═══ EXCERPTED RECORDS
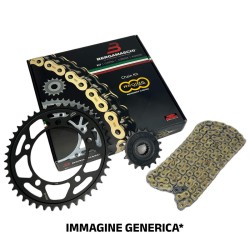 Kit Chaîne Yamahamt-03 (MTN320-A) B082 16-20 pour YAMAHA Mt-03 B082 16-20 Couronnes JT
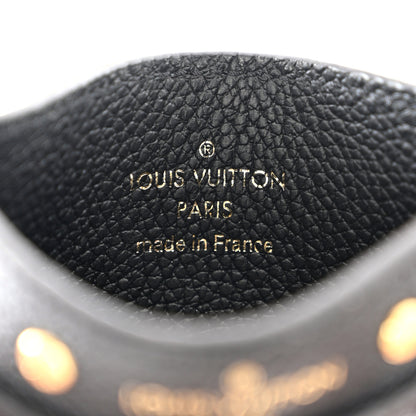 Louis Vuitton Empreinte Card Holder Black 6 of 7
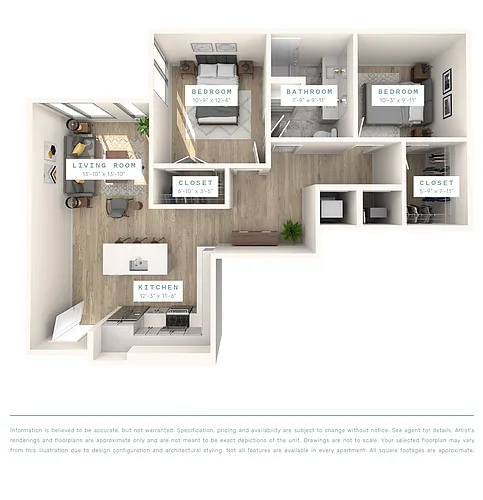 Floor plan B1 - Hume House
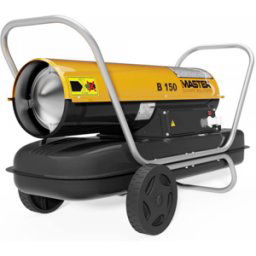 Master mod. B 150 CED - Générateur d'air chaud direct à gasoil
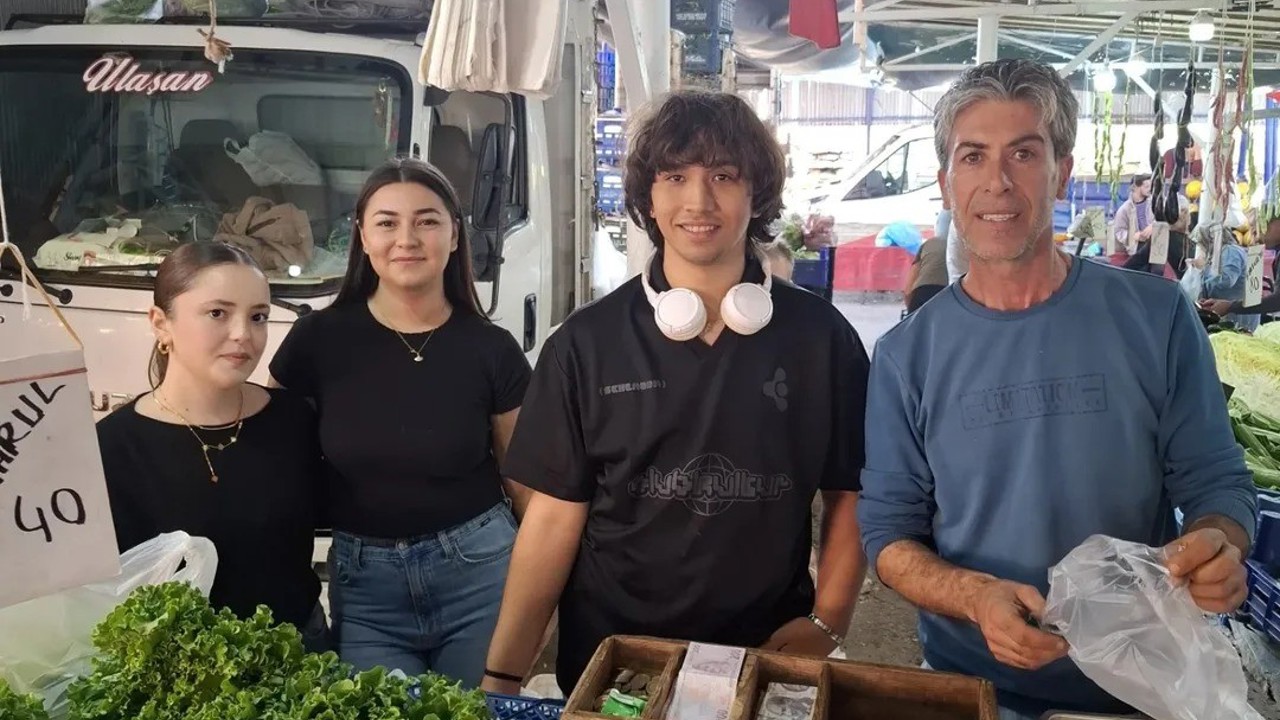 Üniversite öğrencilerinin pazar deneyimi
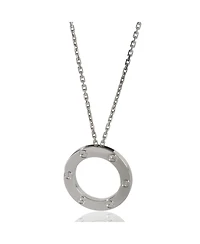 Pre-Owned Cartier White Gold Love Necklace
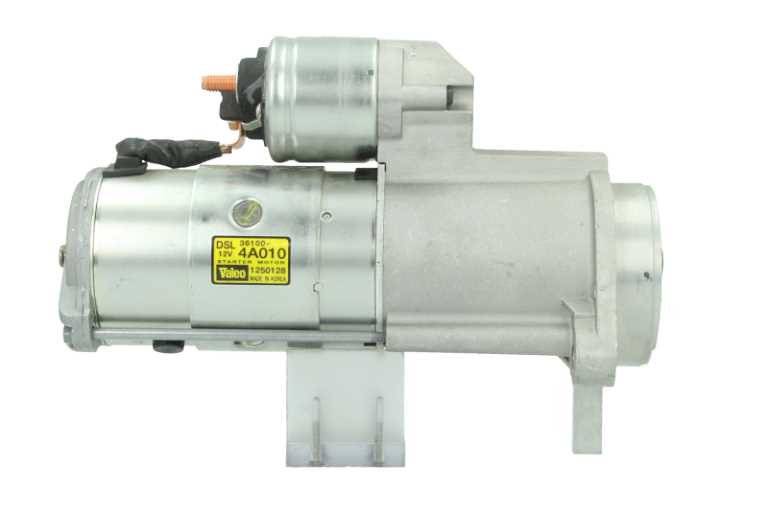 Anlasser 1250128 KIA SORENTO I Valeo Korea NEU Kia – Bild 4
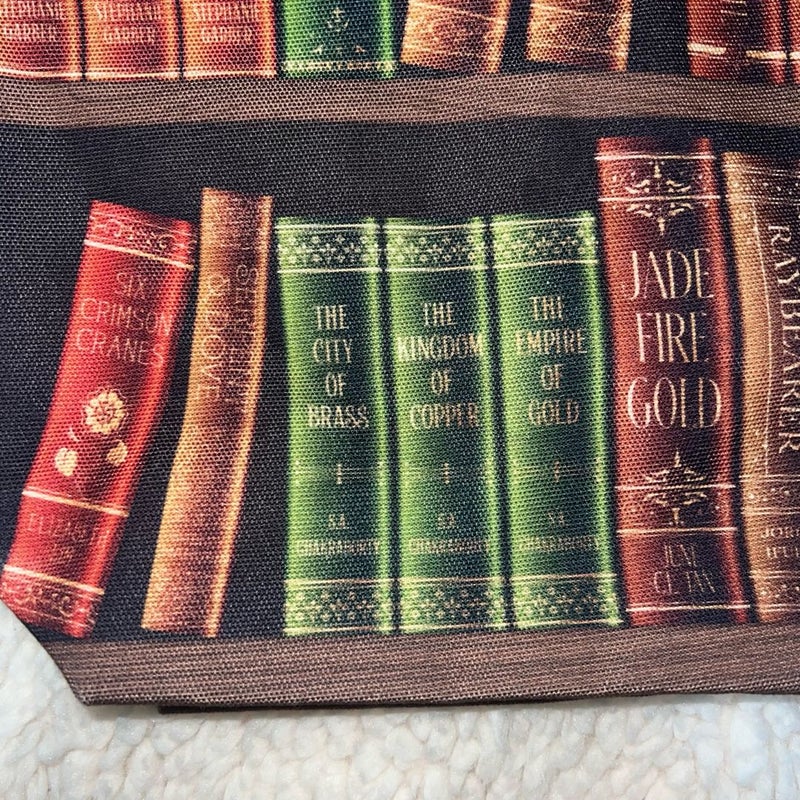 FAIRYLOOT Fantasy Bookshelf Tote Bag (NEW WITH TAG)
══════
═══ EXCERPTED RECORDS
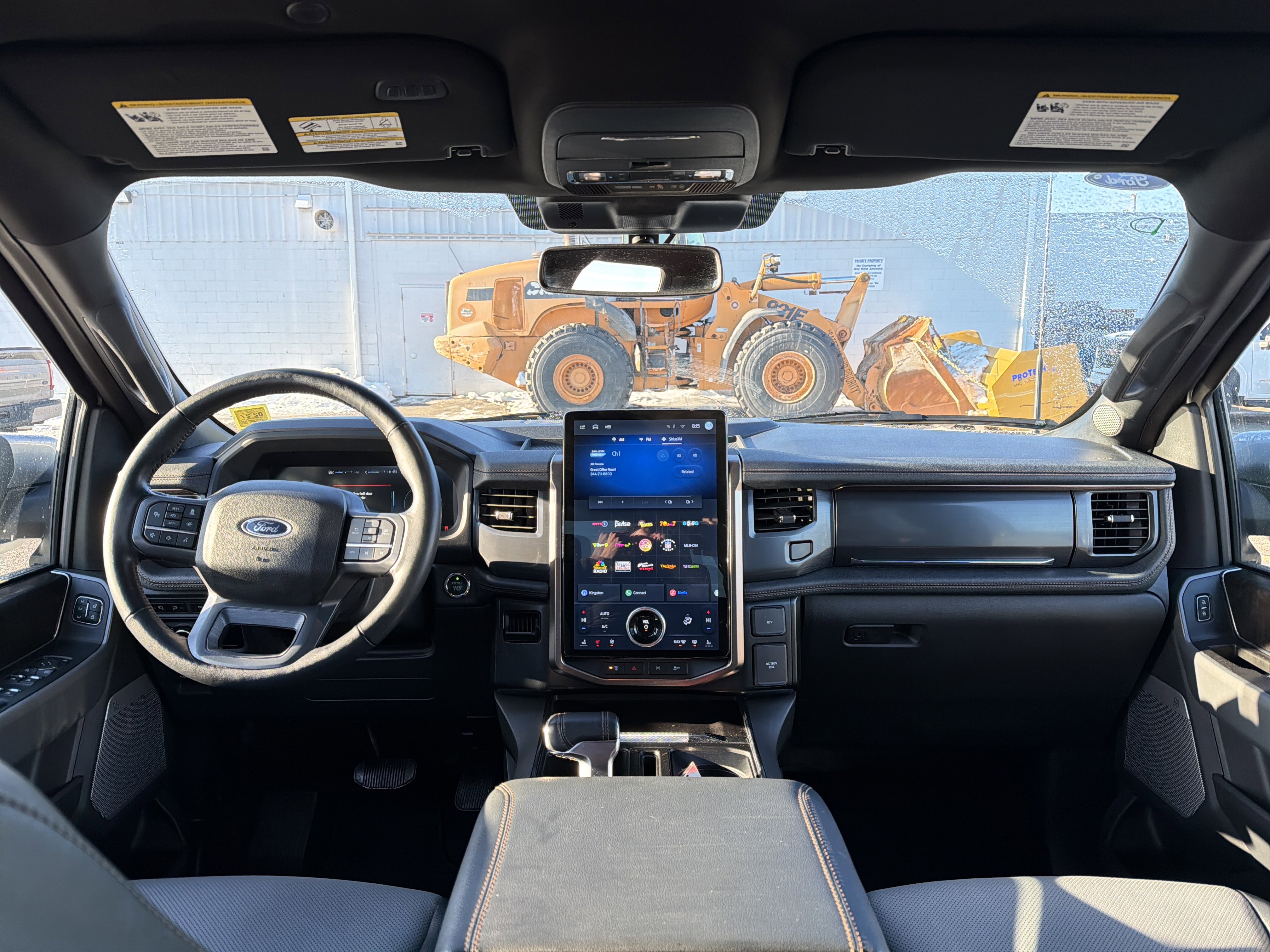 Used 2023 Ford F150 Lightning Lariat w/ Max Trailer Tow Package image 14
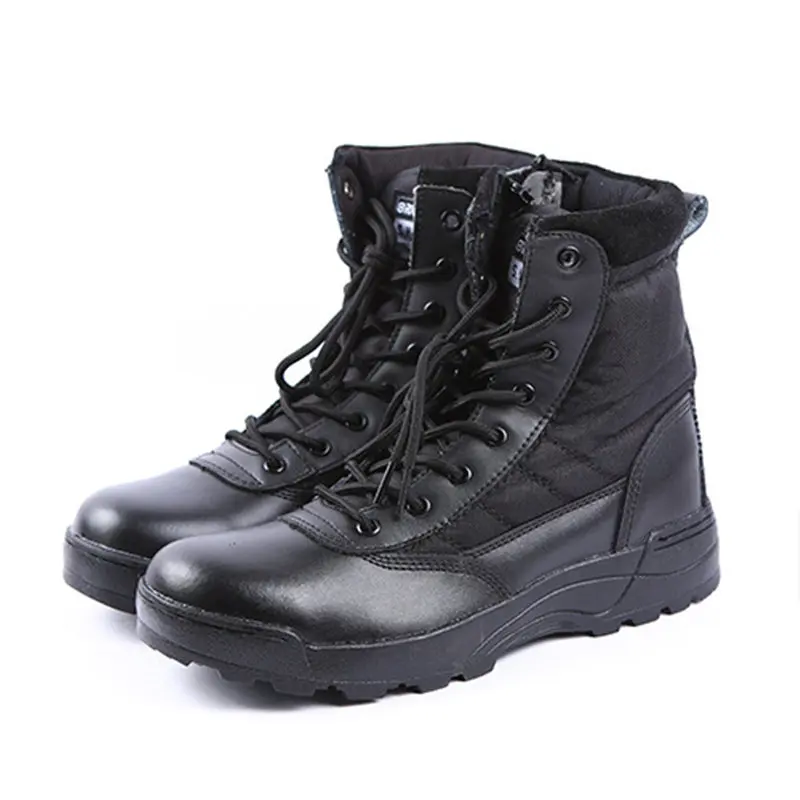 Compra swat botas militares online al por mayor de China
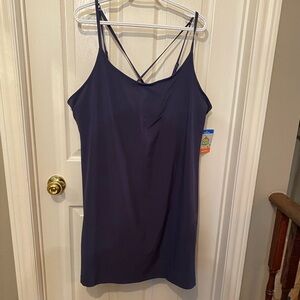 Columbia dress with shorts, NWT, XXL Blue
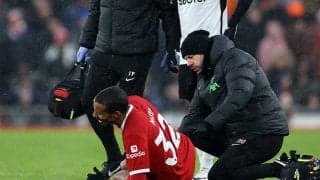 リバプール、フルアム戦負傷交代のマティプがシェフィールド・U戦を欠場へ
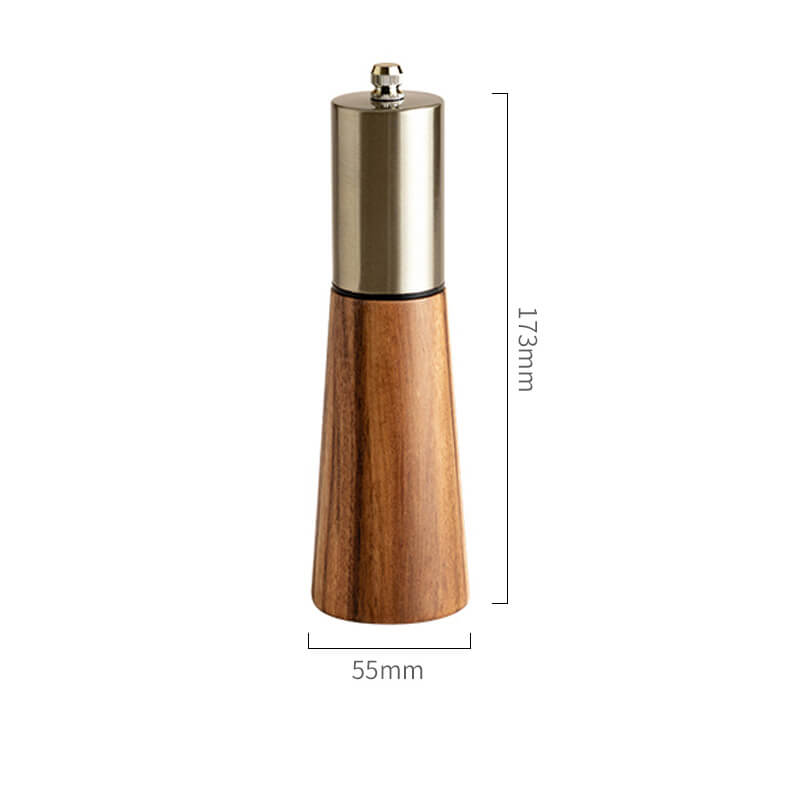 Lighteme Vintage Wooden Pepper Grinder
══════
═══ EXCERPTED RECORDS
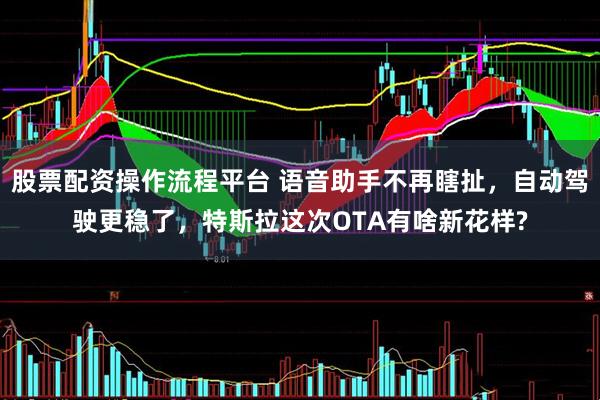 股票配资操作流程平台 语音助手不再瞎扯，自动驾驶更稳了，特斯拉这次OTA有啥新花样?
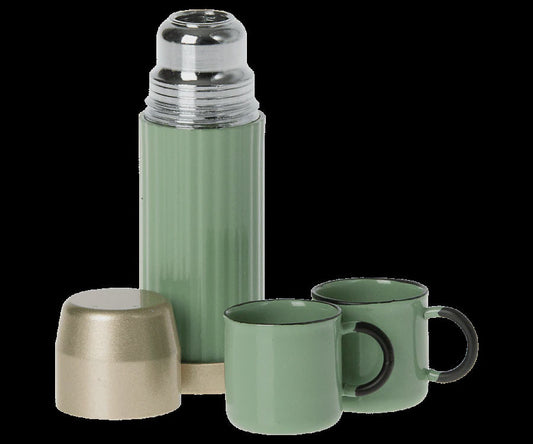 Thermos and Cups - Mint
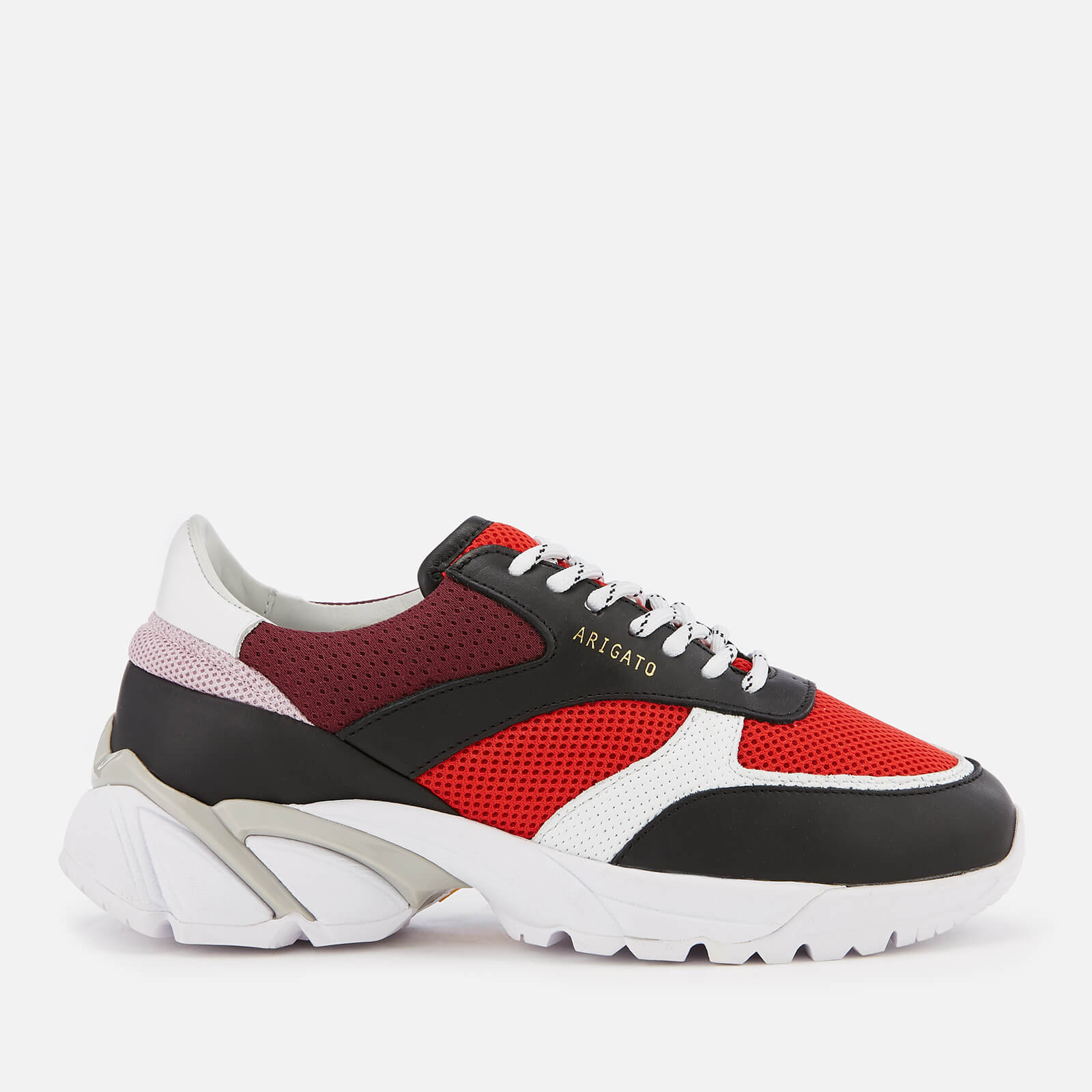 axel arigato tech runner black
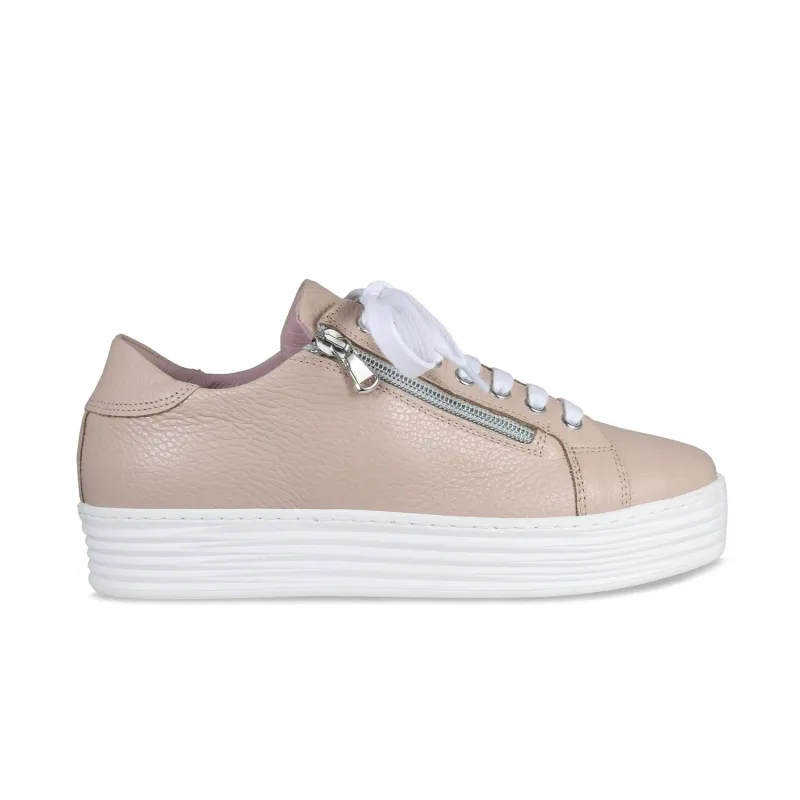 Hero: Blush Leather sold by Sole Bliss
══════
**WORK TASK**
Above are the records; please give again, exactly and in full, only the lines that run from the line with "Louis Vuitton Empreinte" through the line with "FAIRYLOOT Fantasy Bookshelf", with no pictures.

**WORKED SOLUTION**
 Louis Vuitton Empreinte Card Holder Black 6 of 7
 Floor plan B1 - Hume House
 Master mod. B 150 CED - Générateur d'air chaud direct à gasoil
 Üniversite öğrencilerinin pazar deneyimi
 Pre-Owned Cartier White Gold Love Necklace
 Anlasser 1250128 KIA SORENTO I Valeo Korea NEU Kia – Bild 4
 FAIRYLOOT Fantasy Bookshelf Tote Bag (NEW WITH TAG)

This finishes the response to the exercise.